The oversight regulator, the Legal Services Board, has until Friday to approve or decline the CLSB’s application for the new training regime or extend the time to make a decision by a further two months.

The board has also published the SRA’s comments, which said the CLCA was in line with its own educational reforms. This will see the introduction, from autumn 2021, of a new two-part licensing examination for solicitors of England and Wales – the Solicitors Qualifying Examination (SQE). The regulator will cease to specify particular underpinning qualifications or routes to admission, although would-be solicitors will need two years of work experience to qualify.

Agreeing with the CLSB’s proposal, the SRA said: “The focus of a regulator’s attention should be on assuring that those they admit are competent.
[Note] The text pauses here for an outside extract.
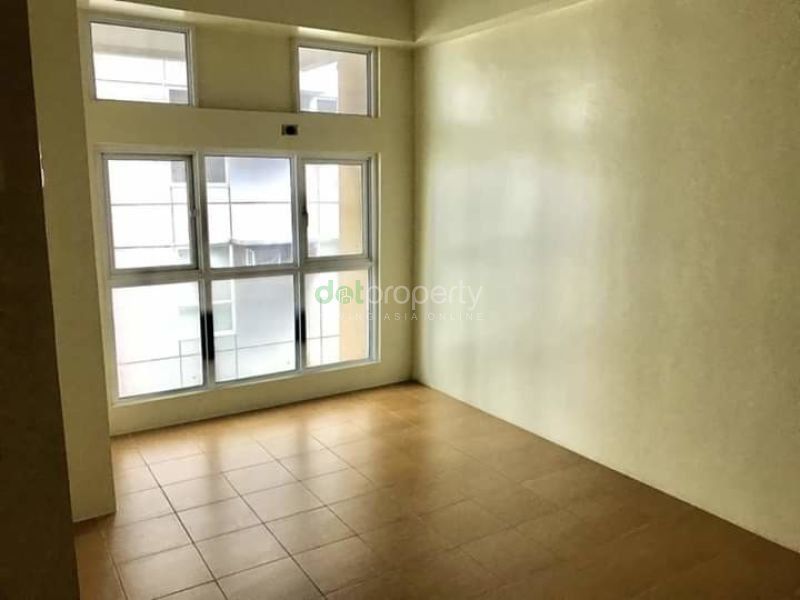 Condo for sale in Sta. Mesa Studio Tpye 19k monthly.03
Therefore, it needs to identify the competences needed for safe practice and satisfy itself that those it admits can demonstrate those competences.

“It needs to be able to do so on an accurate, consistent, fair, transparent and cost-effective basis. It does not need to specify how candidates acquire these competences or how they should be taught. Its focus should be on assessing the outcomes of education and training, not specifying inputs.
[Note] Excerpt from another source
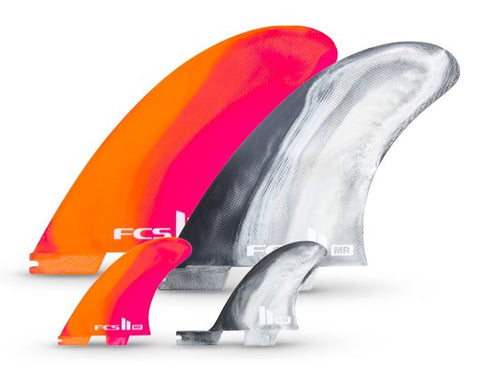 Mark Richards, the Twin Fin, and the Perfect FCSII Fin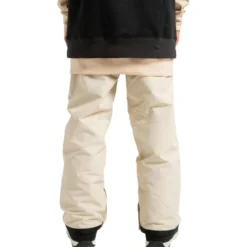 Pantaloni tecnici DC Dc Snow Chino Pant Oatmeal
“The professional assessment it requires for admission to the profession needs to be the minimum amount of assessment needed to ensure candidates are safe to practise. It should cover core competences only and be set at the minimum standard (which, of course, does not necessarily imply a low standard). Otherwise, it creates unjustifiable barriers to admission and restricts consumers’ access to legal services.”

But it raised two practical issues for the CLSB to consider. It said that, if the numbers of students were very small, “this may affect the statistical reliability of the standard-setting processes needed to provide confidence in the accuracy and consistency of the proposed assessment”.
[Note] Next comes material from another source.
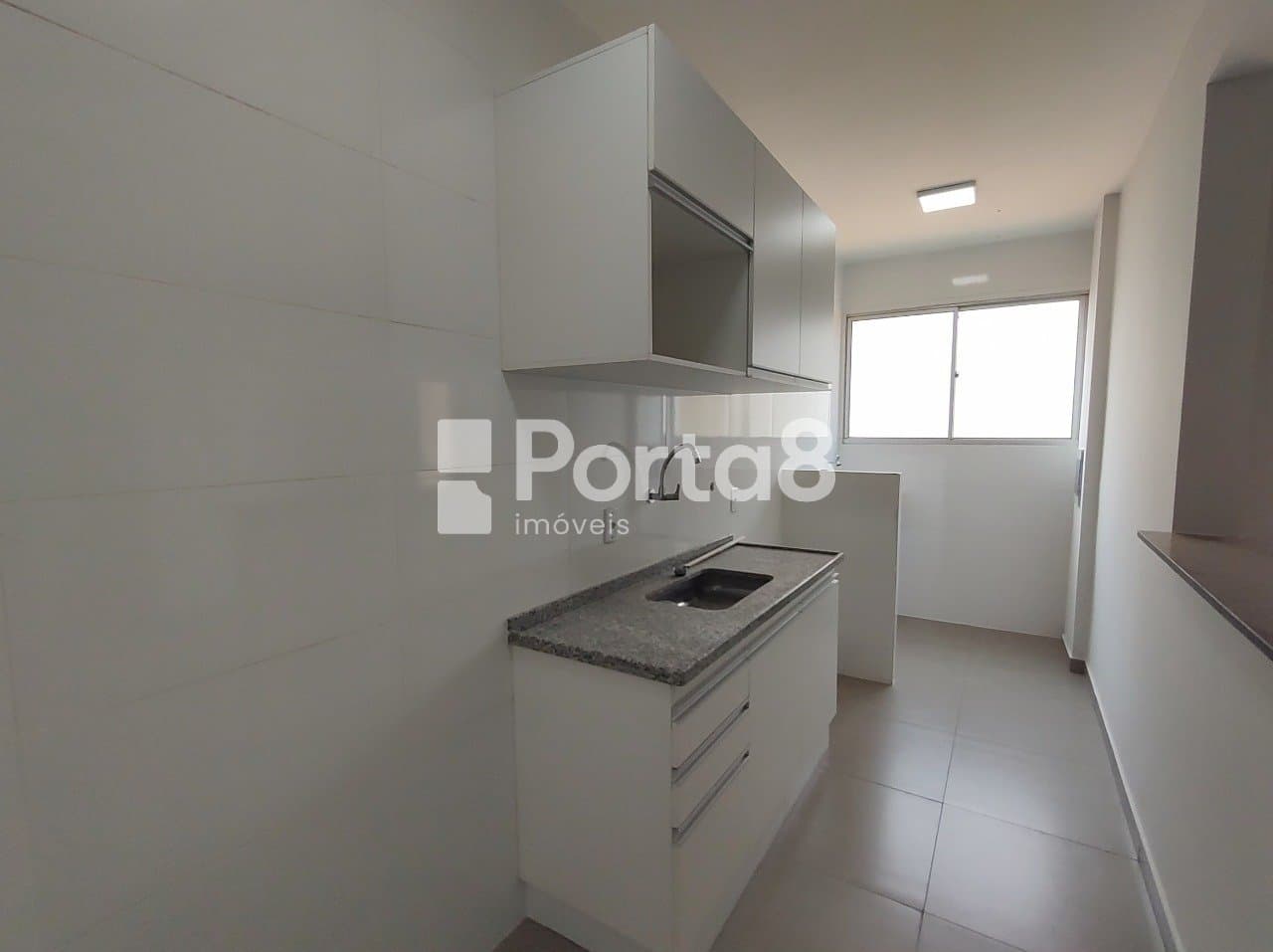 Apartamento 3 Dorms em Higienópolis com Lazer Completo - Foto 5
Second, developing and delivering a centralised assessment, and writing good-quality assessment materials, “is expensive”, the SRA said. “The numbers of candidates, and the fee they can reasonably be charged, may therefore affect the commercial viability of the proposed contract with the assessment provider.”

It suggested that this could be addressed by awarding a long-term contract, giving the assessment provider time to recover the development costs, but such a hypothesis needed to be tested against a range of fee levels.

The SRA also questioned whether the CLCA needed to include knowledge of contract and tort law in the assessment. “We agree with the principle of targeting the assessment around the three areas of authorised legal activity for Costs Lawyers under the Legal Services Act 2007. As stated, a professional assessment should be the minimum necessary for safe practice. Each element of it needs an objective justification. We would suggest the board might wish to review the standard to ensure it is as tightly drawn as possible.”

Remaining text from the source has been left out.